COPY requirements.txt requirements.txt

# Install requirements for the application
RUN pip3 install -r requirements.txt

# Copy the source code to working directory
COPY . ./

ENV UDEV=1

# main.py will run when container starts up on the device
CMD ["bash","-c","./start-services.sh"]

Script to start the services:

#!/bin/sh
bash -c 'python3 -u src/detection.py -u "<Video stream URL>"'&
python3 -u src/main.py

Service for person detection:

#!python3
from imutils.video import VideoStream
import base64
import websocket
import cv2
import imutils
import sys
import json
import numpy as np
import argparse
import cv2

cv2.useOptimized()

model = "MobileNetSSD_deploy.caffemodel"
proto = "MobileNetSSD_deploy.prototxt.txt"
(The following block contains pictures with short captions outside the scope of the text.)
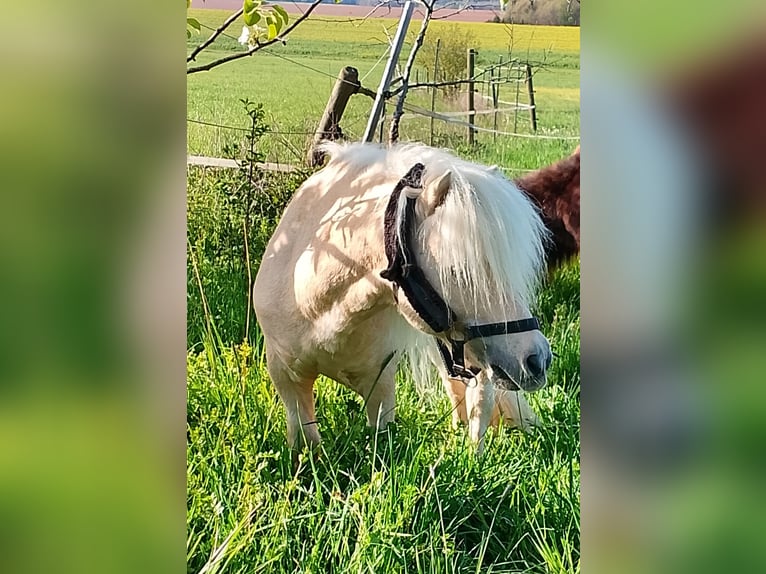 Shetland Mini Stallone 17 Anni 80 cm Palomino in Unterschneidheim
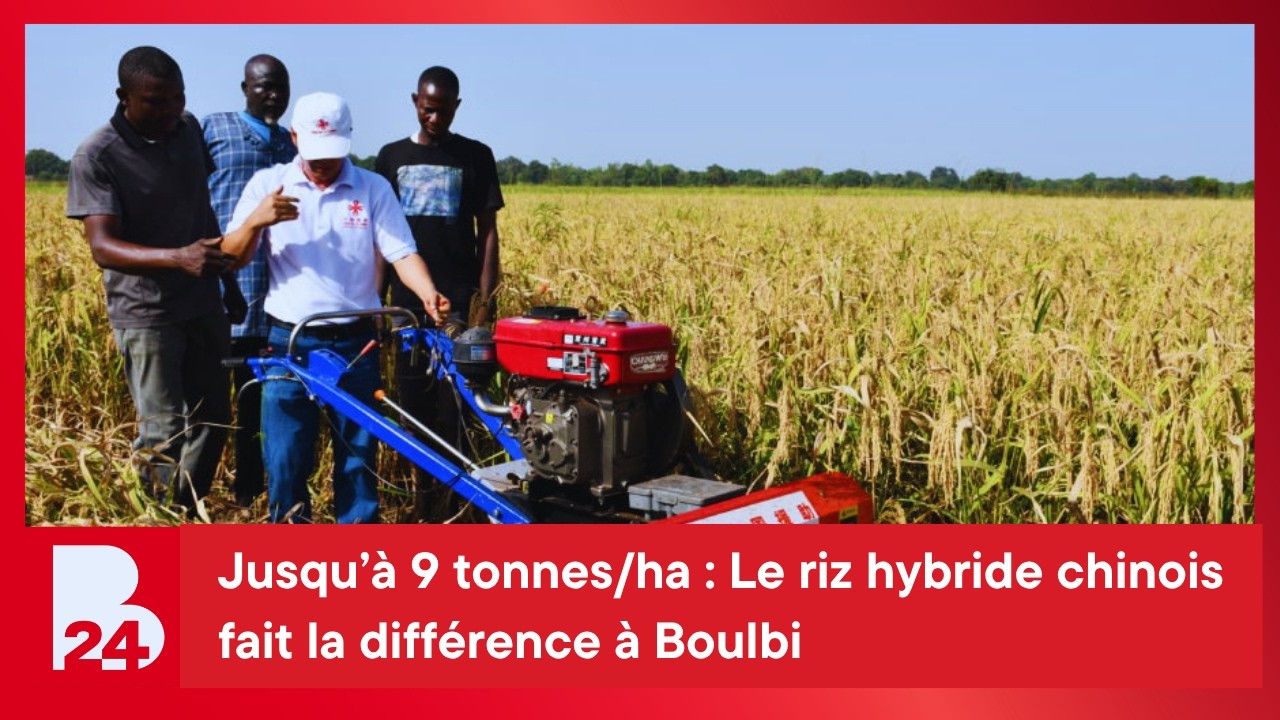 Jusqu’à 9 tonnes/ha : Le riz hybride chinois fait la différence à Boulbi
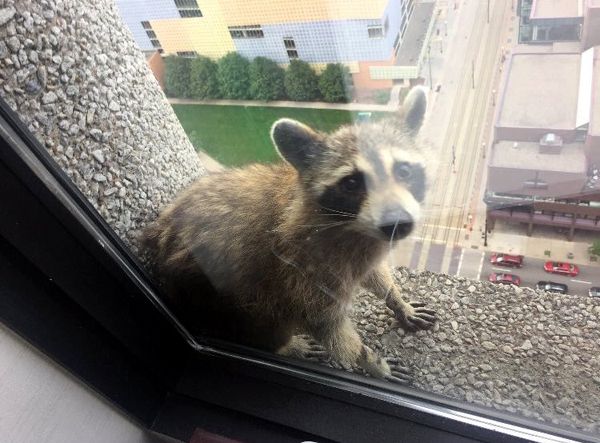 A snapshot of MPR Raccoon sitting on a ledge at the UBS Tower in St. Paul, Minnesota...on June 12, 2018.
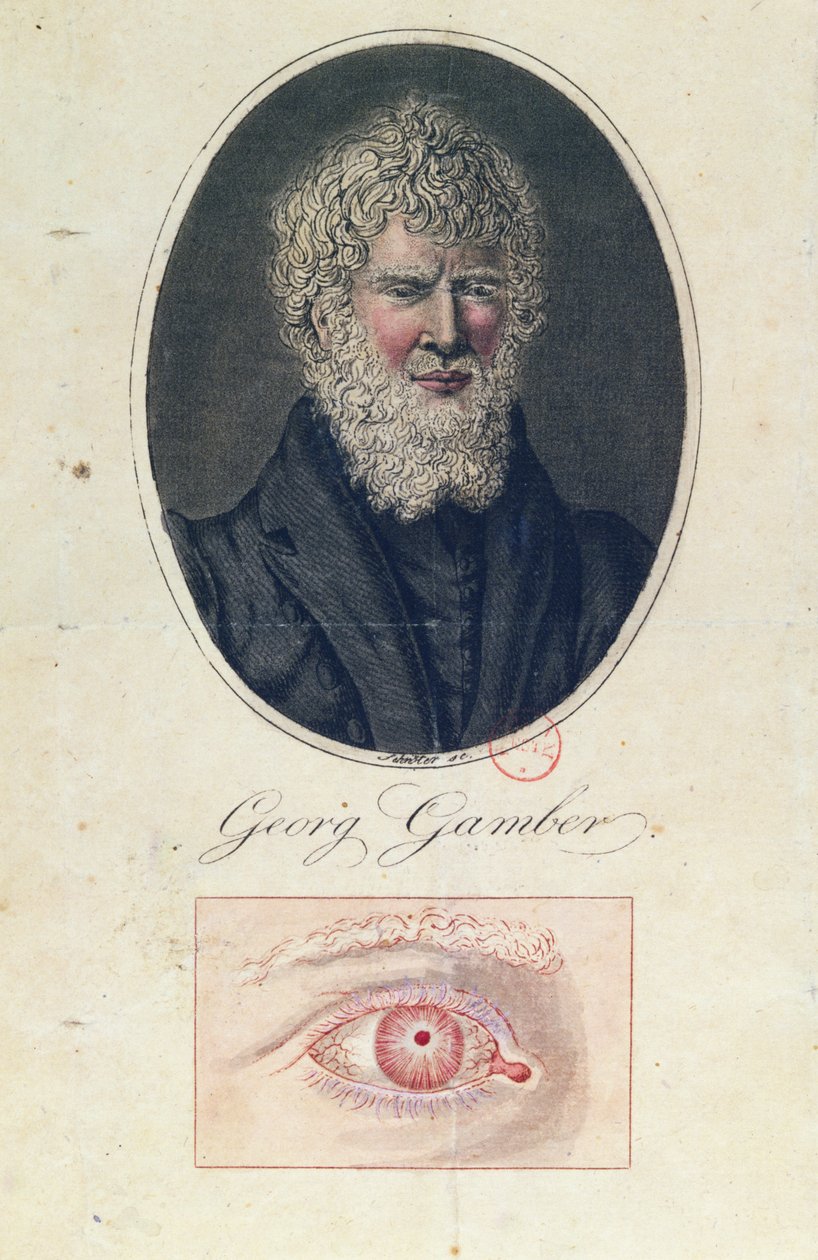 Georg Gamber, albín od German School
# initialize the list of class labels MobileNet SSD was trained to
# detect, then generate a set of bounding box colors for each class
CLASSES = [
    "person"
]

COLORS = np.random.uniform(0, 255, size=(len(CLASSES), 3))

# construct the argument parse and parse the arguments
ap = argparse.ArgumentParser()
ap.add_argument("-u", "--url", required=True, help="URL for the video")
ap.add_argument(
    "-c",
    "--confidence",
    type=float,
    default=0.2,
    help="minimum probability to filter weak detections",
)
args = vars(ap.parse_args())

# load our serialized model from disk
print("[INFO] loading model...")
net = cv2.dnn.readNetFromCaffe(proto, model)

img = {"img": np.zeros(255)}

ws = []

def init_connection():
    try:
        ws.append(websocket.WebSocket())
        ws[0].connect("ws://127.0.0.1:80/in")
    except Exception as e:
        print(e)
        sys.exit(1)


def detect(image):
    (h, w) = image.shape[:2]
    blob = cv2.dnn.blobFromImage(
        cv2.resize(image, (300, 300)), 0.007843, (300, 300), 127.5
    )

    # pass the blob through the network and obtain the detections and
    # predictions
    print("[INFO] computing object detections...")
    net.setInput(blob)
    detections = net.forward()
    boxes = []

    # loop over the detections
    for i in np.arange(0, detections.shape[2]):
        # extract the confidence (i.e., probability) associated with the
        # prediction
        confidence = detections[0, 0, i, 2]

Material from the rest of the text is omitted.